First of all, I want to thank my Facebook friend for suggesting the theme for this blog post…..so thanks to you, Gordon Williams.
I was born in 1949 and lived in the North with my Northern parents until I came to live in the South in the summer of 1973.
I feel I am a true Northern woman and am proud of my Northern roots and I have tried to make my children be aware of being half Northern…..or North Eastern. I am proud to have been born and bred in North East
I sometimes think that the North East is sometimes forgotten especially down here in the South….even though I have found that I have met an awful lot of people that have moved down here like I did….usually connected to jobs etc.
I wonder what life would have been like if I had stayed up the North East. One thing I would have been a “mam” and not a “mum”….but hubby always talked of going back South and that is what we did.
I like to think that I have still got my accent, but am told that I talk “posh” now…..no I do not think so. I only know that I have a better accent than Brenda Blethwyn….”Vera”.
Apart from one brother……the rest of my siblings still live in NorthEast and any trips”back home ” have never been forgotten.
Have never forgotten my school days in the North and finding school friends from my senior school on Facebook has been very special……I was picked on a lot when at school…I will not call it “bullied” even though today it would be called that…..but I am sure it made me the strong person that I feel I am now…..I know I am.. no “snowflake”.
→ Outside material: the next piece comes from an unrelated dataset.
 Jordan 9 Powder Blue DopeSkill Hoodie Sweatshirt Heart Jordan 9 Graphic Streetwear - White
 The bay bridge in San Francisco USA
I was 24 when I first left the North East and now I am 71……so work that out…..those roots have never left me.
I miss the North East….the people……the family still up there and their friends that have become like family….stotty cake and I can still make a decent panackaly.
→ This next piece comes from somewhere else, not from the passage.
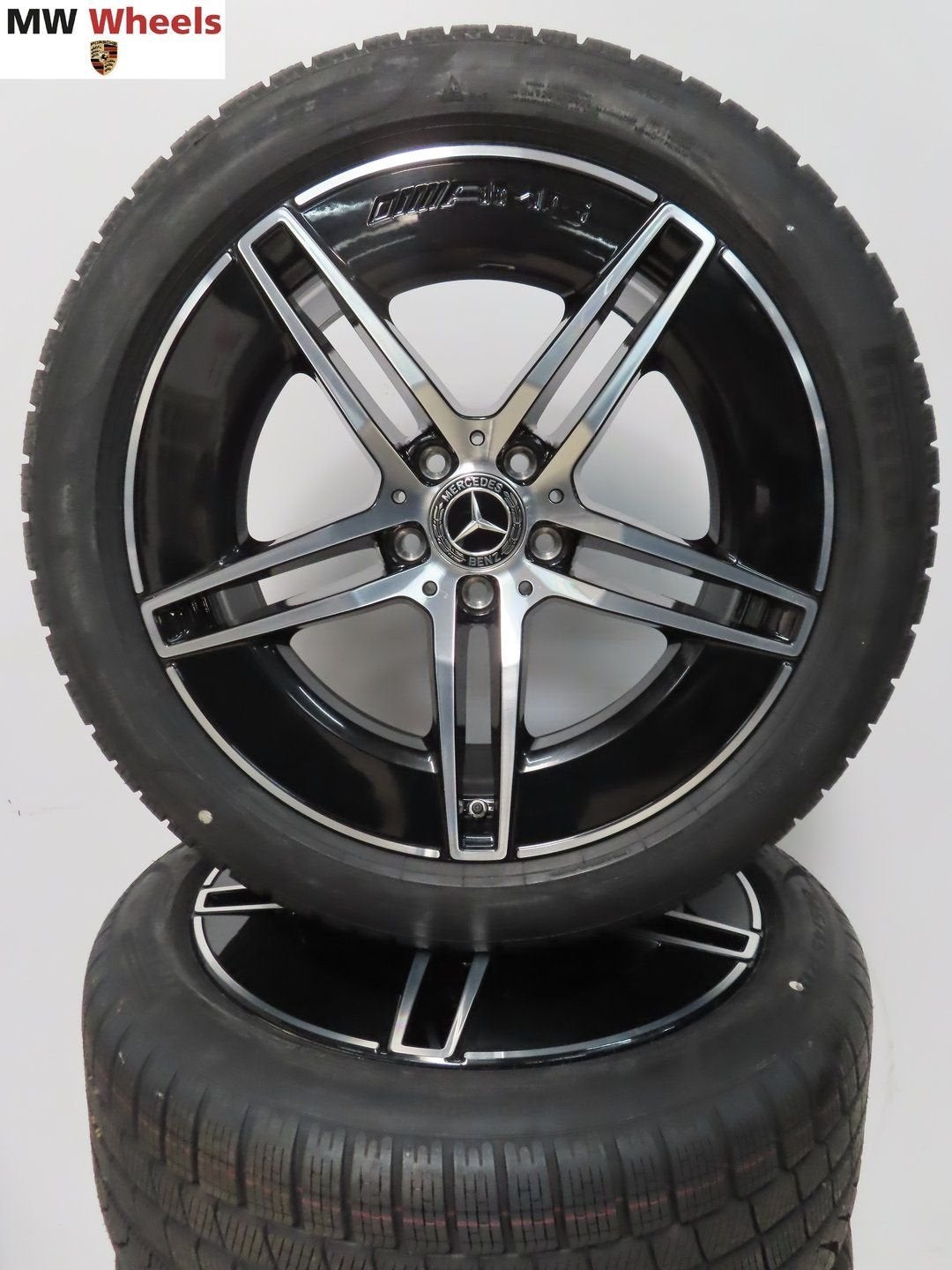 Mercedes E klasse W214 AMG 19 inch velgen winterbanden nieuw, 19 inch, -, -, Banden en Velgen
I miss not being able to see the sea in the distance…the drizzly rainy days that last the whole day….the smell of crisps in the air when the wind was in the right direction
Have travelled back in the coach and by train and love every bit of it…..hearing the Northern accents around you as you travel north. The feeling of not being the only person talking like that and also fully aware that you are also a stranger……that’s one of the hardest things.
But my mum and dad are buried up there so it’s always “home” at the back of my mind as being here in Guildford is “home” for my children and that is why I have stayed “down south”.